Data extracted from a collection:
--

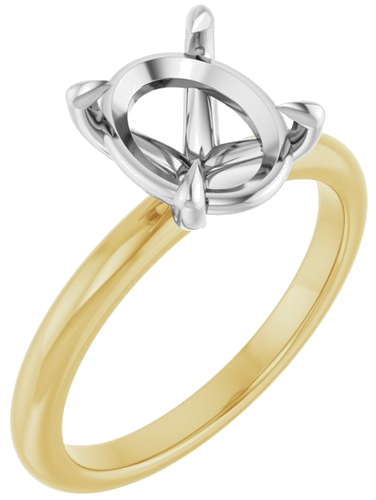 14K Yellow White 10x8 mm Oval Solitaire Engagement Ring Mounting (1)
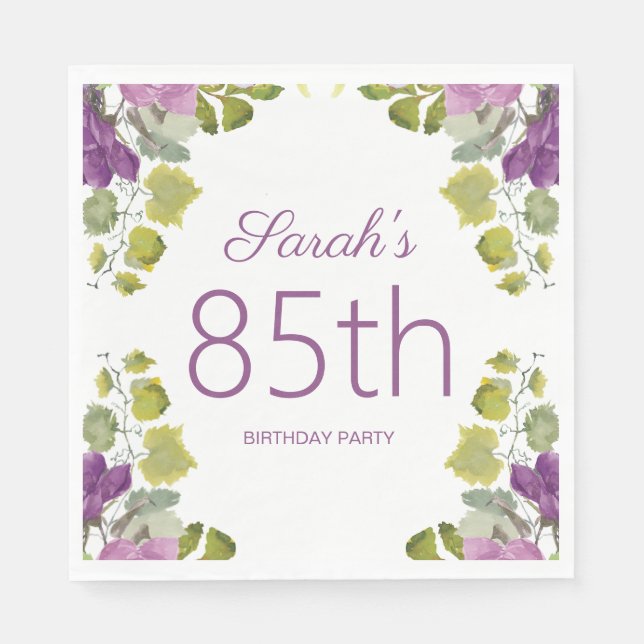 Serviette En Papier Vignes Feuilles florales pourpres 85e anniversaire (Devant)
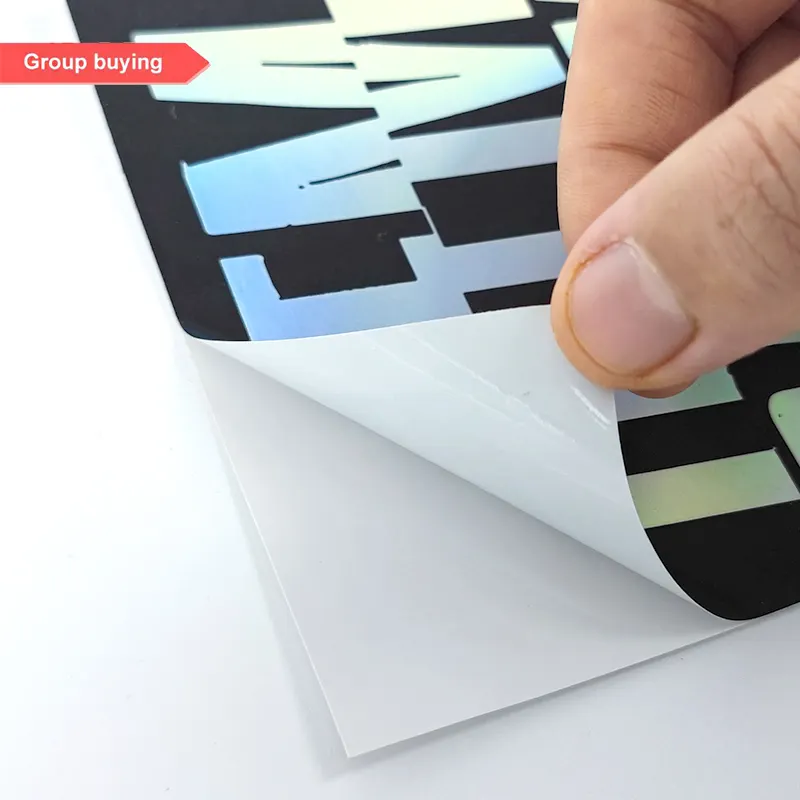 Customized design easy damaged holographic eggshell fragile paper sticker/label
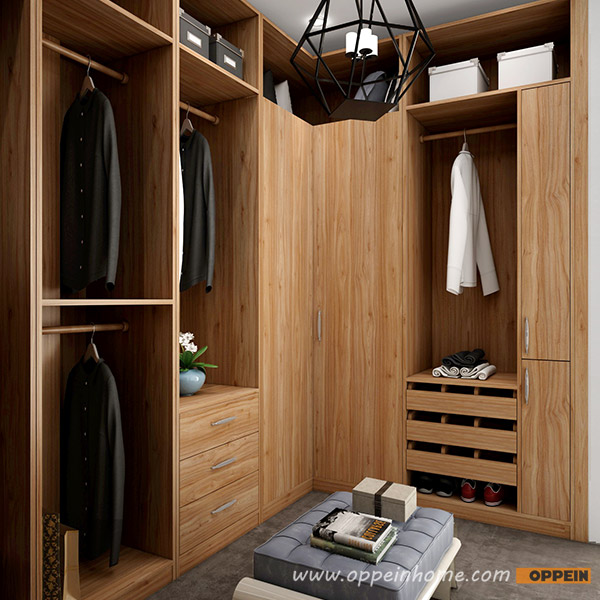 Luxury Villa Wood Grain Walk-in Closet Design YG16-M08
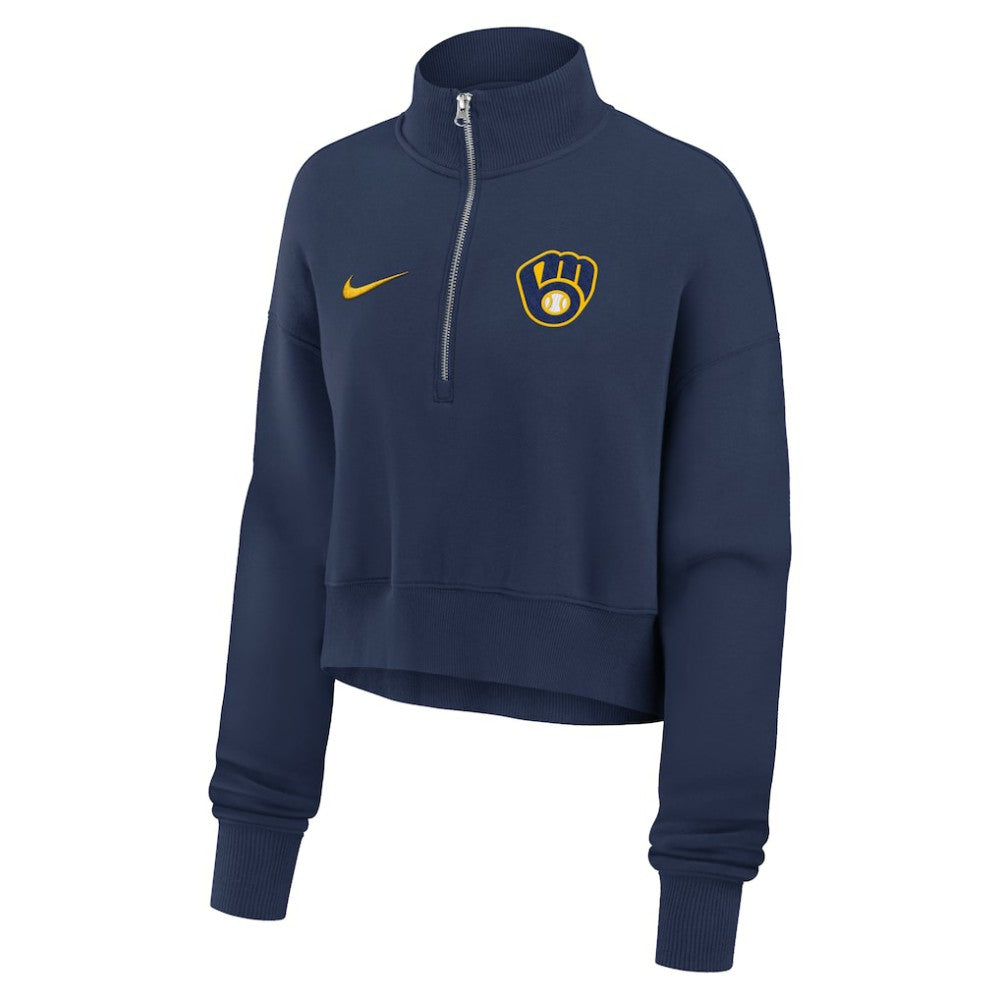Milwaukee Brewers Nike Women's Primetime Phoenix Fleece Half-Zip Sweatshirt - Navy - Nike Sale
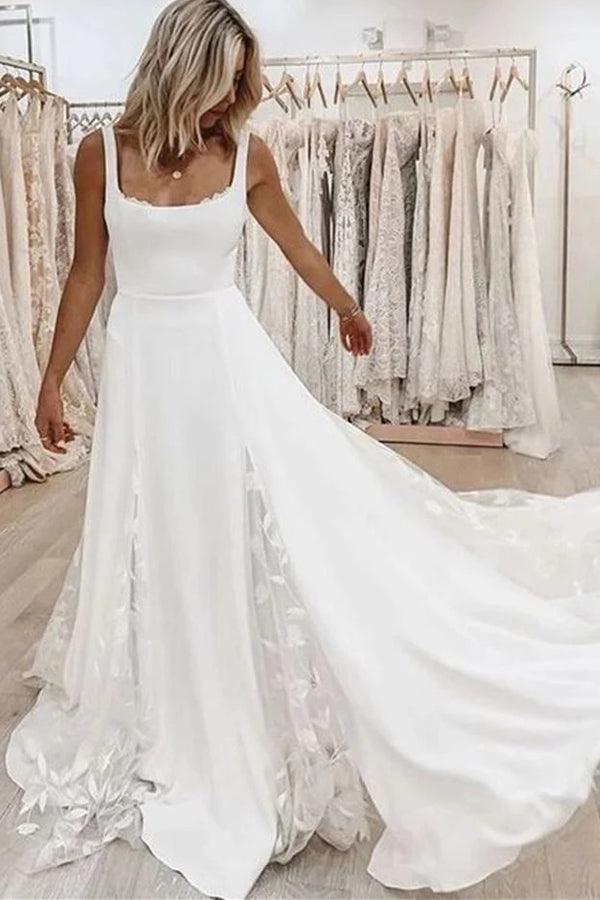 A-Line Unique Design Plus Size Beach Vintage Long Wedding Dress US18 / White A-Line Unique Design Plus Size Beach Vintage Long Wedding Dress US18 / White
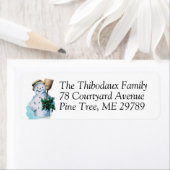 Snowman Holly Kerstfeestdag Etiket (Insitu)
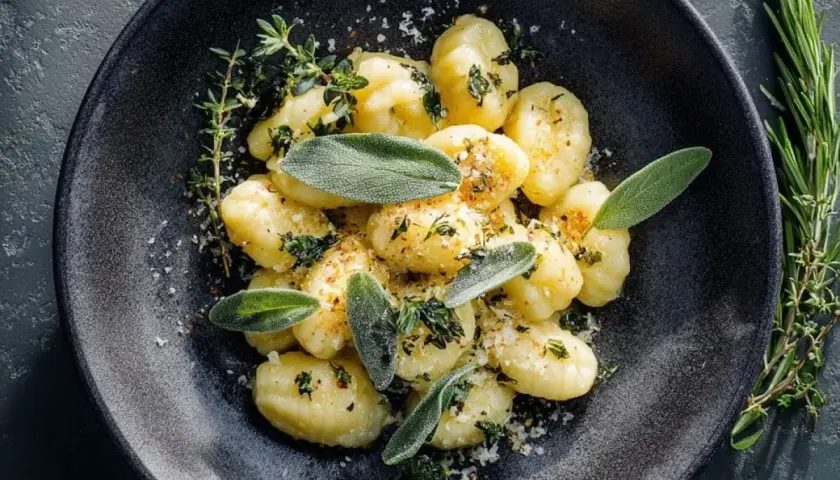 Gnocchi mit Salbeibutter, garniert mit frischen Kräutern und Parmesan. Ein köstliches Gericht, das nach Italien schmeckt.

--

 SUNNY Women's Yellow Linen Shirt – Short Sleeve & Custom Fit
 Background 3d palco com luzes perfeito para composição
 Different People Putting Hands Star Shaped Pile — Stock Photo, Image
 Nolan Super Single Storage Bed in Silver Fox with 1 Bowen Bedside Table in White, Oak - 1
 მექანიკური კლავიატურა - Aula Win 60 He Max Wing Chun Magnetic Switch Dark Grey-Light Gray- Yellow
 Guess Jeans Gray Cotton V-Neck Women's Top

--

With pictures excluded, reproduce exactly the lines above from the one containing "14K Yellow White" down to the one containing "Snowman Holly Kerstfeestdag Etiket (Insitu)", those two included.

> Response box
 14K Yellow White 10x8 mm Oval Solitaire Engagement Ring Mounting (1)
 Serviette En Papier Vignes Feuilles florales pourpres 85e anniversaire (Devant)
 Customized design easy damaged holographic eggshell fragile paper sticker/label
 Luxury Villa Wood Grain Walk-in Closet Design YG16-M08
Milwaukee Brewers Nike Women's Primetime Phoenix Fleece Half-Zip Sweatshirt - Navy - Nike Sale
 A-Line Unique Design Plus Size Beach Vintage Long Wedding Dress US18 / White A-Line Unique Design Plus Size Beach Vintage Long Wedding Dress US18 / White
 Snowman Holly Kerstfeestdag Etiket (Insitu)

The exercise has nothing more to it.